Les pouvoirs publics jouent désormais un rôle fondamental dans le soutien de la filière et des porteurs de projet. Les dispositifs budgétaires sont déjà en place pour accompagner le développement des projets. Les porteurs de projets disposent de tout un arsenal de dispositifs budgétaires pour les aider à financer leurs investissements. L’Ademe joue en cela un rôle important et permet aux porteurs de projets de bénéficier d’aides financières accordées selon certains critères de performances énergétique et environnementale. Il existe par ailleurs des aides à l’investissement attribuées dans le cadre des programmes européens Feader (fonds européen agricole pour le développement rural) et Feder (fonds européen de développement régional) ou encore des prêts sans garantie sur trois ans pouvant aller jusqu’à 500 000 euros mis en place par BPI France pour les exploitants d’unités dont la capacité d’injection est inférieure à 125 Nm3 par heure.

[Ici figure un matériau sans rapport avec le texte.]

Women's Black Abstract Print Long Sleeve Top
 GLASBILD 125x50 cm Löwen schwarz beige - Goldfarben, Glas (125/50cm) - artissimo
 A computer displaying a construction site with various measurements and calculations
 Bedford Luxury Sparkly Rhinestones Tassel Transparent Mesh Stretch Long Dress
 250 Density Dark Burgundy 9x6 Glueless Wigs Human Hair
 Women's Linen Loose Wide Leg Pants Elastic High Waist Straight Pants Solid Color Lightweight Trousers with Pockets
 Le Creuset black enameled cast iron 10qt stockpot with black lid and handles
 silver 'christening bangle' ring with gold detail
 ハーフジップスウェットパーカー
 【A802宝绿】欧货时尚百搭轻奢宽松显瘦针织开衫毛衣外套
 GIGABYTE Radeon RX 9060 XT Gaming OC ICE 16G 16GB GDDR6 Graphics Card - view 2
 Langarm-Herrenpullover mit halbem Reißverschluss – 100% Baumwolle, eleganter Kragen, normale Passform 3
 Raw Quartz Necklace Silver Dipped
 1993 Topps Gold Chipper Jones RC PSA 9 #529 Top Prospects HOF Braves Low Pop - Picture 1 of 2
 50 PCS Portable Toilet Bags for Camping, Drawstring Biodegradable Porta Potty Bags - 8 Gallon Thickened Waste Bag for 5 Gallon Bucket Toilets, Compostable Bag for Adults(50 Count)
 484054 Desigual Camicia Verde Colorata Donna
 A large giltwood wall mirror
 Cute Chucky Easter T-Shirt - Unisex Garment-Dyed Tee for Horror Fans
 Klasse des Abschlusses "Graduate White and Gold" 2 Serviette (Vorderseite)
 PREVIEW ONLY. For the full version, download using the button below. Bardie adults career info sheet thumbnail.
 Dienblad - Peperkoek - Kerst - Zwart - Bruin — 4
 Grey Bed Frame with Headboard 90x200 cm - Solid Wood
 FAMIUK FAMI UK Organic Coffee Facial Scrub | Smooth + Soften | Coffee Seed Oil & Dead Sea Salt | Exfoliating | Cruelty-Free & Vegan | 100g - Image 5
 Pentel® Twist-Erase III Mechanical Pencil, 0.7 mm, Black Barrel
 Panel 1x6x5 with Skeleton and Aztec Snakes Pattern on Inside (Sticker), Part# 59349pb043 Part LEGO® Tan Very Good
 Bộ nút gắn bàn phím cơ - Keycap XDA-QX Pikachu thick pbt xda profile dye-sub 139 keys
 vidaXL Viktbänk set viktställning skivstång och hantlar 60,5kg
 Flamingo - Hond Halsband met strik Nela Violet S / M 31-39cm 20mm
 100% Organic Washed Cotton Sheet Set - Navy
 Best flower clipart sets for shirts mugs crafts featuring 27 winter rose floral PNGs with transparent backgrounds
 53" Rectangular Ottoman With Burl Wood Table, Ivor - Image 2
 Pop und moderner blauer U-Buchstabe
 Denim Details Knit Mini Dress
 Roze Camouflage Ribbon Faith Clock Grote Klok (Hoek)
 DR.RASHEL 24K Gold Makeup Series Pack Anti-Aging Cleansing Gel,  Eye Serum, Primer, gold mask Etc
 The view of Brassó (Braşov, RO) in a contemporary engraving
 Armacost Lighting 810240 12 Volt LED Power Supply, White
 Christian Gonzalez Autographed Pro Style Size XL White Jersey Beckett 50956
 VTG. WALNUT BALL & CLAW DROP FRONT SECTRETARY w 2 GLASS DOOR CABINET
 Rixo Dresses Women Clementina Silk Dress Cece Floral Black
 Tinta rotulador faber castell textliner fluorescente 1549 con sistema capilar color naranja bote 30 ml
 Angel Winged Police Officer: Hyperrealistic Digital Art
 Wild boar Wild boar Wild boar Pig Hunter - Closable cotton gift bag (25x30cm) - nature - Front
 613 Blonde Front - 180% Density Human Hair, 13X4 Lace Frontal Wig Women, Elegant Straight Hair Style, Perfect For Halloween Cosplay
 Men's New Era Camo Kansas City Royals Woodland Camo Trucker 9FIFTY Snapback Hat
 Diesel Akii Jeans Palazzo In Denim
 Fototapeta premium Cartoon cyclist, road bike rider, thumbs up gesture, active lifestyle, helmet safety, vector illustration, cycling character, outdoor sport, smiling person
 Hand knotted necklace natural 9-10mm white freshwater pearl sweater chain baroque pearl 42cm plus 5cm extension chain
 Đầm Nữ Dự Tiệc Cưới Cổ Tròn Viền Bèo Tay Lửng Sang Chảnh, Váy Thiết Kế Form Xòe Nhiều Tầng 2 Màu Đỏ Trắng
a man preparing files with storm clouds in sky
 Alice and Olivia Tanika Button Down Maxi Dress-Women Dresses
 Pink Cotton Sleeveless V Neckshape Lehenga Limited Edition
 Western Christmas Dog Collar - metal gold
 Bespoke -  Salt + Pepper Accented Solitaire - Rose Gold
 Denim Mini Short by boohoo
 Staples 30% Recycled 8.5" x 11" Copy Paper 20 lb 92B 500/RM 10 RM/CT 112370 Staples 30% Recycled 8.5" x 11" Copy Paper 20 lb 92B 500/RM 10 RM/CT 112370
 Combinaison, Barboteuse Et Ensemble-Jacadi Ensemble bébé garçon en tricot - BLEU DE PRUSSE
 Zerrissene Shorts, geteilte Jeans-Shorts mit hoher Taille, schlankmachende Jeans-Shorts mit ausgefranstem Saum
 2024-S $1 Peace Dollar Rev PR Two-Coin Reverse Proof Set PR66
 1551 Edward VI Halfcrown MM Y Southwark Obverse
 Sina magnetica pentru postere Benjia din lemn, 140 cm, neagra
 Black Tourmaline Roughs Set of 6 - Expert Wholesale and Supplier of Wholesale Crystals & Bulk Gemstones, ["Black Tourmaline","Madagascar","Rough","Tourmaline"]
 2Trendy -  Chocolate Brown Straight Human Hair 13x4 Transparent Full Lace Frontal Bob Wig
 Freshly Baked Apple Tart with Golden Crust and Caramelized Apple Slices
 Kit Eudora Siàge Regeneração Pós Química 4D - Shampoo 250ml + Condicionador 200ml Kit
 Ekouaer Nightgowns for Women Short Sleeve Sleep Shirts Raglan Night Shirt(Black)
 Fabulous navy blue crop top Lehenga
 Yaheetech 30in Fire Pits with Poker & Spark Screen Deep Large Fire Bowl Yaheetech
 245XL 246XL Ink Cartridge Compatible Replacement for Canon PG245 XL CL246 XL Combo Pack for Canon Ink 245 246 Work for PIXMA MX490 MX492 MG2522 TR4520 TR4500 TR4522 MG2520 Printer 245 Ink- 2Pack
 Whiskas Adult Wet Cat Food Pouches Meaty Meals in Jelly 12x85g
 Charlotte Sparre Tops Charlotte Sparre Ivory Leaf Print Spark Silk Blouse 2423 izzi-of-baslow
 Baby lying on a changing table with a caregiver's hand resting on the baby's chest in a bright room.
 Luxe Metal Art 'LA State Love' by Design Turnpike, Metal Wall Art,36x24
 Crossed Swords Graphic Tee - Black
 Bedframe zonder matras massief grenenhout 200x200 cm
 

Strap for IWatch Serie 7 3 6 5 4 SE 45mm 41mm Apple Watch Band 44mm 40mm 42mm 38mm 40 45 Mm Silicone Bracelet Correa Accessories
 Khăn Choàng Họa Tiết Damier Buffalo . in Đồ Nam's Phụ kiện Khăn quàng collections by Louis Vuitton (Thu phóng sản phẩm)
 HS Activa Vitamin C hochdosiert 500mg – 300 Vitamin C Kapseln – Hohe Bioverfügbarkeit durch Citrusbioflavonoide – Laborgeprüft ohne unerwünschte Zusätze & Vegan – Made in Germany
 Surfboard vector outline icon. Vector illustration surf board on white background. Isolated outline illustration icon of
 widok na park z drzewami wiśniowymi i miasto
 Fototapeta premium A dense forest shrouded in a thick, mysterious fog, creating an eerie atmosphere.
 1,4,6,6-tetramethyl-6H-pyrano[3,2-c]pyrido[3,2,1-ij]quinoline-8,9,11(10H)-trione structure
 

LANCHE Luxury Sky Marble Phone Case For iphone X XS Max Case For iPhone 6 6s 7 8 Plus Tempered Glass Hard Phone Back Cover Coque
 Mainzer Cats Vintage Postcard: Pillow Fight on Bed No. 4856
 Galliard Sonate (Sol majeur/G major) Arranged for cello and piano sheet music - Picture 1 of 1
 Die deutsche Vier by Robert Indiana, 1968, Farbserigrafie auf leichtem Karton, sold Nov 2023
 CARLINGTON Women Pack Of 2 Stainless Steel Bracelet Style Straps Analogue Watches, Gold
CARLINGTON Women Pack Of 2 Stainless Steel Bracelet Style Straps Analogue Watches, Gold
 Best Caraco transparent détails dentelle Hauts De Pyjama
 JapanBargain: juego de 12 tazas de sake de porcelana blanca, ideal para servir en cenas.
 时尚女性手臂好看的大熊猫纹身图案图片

Un soutien capitalistique grandissant en faveur des porteurs de projet

De plus en plus d’acteurs publics prennent directement part aux projets en intégrant le capital social des sociétés de projet. C’est le cas des sociétés d’économie mixte ou encore des agglomérations qui soutiennent l’implantation d’unités de méthanisation en apportant un soutien capitalistique aux porteurs de projet, permettant à ces derniers de bénéficier au sein même de leur structure de l’expérience des pouvoirs publics et d’une gestion des projets de qualité.

Au regard des enjeux climatiques et environnementaux une nouvelle fois soulevés par la COP26, c’est peut-être l’acceptation sociale des projets par les citoyens ou la levée des freins psychologiques qui pourraient être déterminants. Et peut-être également la réponse à la question : quelle énergie voulons-nous pour demain ? L’avenir de la filière pourrait en dépendre.